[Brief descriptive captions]
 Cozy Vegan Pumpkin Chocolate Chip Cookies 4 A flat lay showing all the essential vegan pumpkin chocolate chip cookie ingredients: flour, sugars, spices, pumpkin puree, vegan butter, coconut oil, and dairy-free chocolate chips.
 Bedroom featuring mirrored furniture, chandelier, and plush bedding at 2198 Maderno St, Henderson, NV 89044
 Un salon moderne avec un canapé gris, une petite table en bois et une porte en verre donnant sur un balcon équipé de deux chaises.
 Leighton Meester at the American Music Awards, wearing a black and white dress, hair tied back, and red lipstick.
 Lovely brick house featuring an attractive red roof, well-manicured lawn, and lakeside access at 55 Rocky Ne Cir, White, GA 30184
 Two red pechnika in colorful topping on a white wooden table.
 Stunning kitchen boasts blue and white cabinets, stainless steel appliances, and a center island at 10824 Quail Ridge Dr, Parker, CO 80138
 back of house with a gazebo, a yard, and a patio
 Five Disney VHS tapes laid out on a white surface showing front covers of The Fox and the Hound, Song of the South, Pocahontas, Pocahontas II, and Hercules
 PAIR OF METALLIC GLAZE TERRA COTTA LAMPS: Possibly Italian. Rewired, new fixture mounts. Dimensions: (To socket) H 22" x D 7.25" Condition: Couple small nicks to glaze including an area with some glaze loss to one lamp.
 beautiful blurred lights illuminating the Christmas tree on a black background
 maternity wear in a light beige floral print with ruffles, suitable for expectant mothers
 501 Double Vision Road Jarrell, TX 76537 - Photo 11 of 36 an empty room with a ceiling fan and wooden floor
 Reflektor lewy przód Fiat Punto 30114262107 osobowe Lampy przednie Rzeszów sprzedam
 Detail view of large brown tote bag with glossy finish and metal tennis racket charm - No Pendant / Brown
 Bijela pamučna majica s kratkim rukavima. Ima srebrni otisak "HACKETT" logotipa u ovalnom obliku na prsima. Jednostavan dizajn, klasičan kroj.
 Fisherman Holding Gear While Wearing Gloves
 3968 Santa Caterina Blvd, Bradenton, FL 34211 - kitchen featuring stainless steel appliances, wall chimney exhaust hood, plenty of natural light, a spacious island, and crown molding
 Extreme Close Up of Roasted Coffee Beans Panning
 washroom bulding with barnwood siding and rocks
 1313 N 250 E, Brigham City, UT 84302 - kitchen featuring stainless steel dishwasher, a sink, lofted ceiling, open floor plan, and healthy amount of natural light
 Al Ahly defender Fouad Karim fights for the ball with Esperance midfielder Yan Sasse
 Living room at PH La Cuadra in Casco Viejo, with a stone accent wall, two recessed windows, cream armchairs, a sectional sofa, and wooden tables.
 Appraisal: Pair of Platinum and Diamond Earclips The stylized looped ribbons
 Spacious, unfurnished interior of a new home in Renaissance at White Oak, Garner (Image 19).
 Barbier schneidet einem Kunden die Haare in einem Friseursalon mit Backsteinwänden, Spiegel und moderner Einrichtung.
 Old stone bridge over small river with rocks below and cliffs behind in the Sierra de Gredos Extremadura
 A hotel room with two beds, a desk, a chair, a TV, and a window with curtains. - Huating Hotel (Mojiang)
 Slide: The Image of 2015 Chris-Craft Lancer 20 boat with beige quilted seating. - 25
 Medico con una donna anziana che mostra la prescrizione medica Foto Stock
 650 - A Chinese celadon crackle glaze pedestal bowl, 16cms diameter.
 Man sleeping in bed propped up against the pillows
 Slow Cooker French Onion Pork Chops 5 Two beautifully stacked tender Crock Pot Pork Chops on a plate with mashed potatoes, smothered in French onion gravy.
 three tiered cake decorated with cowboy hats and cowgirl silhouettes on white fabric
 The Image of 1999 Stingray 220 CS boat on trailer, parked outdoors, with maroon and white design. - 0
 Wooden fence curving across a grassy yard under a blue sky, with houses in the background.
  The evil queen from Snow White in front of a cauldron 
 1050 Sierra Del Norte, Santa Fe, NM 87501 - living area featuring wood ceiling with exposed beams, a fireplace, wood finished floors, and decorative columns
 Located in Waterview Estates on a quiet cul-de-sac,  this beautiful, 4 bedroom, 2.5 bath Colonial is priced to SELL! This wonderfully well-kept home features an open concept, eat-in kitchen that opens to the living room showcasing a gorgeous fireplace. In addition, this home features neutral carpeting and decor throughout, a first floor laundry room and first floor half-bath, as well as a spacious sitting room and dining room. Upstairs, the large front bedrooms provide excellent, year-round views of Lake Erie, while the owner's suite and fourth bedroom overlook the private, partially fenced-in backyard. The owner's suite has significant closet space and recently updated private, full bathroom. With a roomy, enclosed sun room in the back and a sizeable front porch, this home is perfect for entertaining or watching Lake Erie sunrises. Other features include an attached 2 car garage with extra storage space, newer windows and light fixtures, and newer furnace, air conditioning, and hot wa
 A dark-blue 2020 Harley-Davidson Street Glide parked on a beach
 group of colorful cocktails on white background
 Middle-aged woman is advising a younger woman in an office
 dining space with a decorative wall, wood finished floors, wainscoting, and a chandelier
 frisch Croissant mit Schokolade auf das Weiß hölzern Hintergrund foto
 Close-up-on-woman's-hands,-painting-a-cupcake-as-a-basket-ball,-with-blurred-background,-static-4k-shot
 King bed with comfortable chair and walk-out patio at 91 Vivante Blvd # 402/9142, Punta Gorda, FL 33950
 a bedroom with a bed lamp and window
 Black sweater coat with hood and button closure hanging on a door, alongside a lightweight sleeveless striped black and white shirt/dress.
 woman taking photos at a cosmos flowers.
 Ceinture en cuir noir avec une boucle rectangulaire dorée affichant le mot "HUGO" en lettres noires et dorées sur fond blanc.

- _What the task requires_
Above are the records. Copy the lines beginning at the one that has "Extreme Close Up" and ending with the one that has "1313 N 250 E, Brigham", unchanged.

- _Final answer_
 Extreme Close Up of Roasted Coffee Beans Panning
 washroom bulding with barnwood siding and rocks
 1313 N 250 E, Brigham City, UT 84302 - kitchen featuring stainless steel dishwasher, a sink, lofted ceiling, open floor plan, and healthy amount of natural light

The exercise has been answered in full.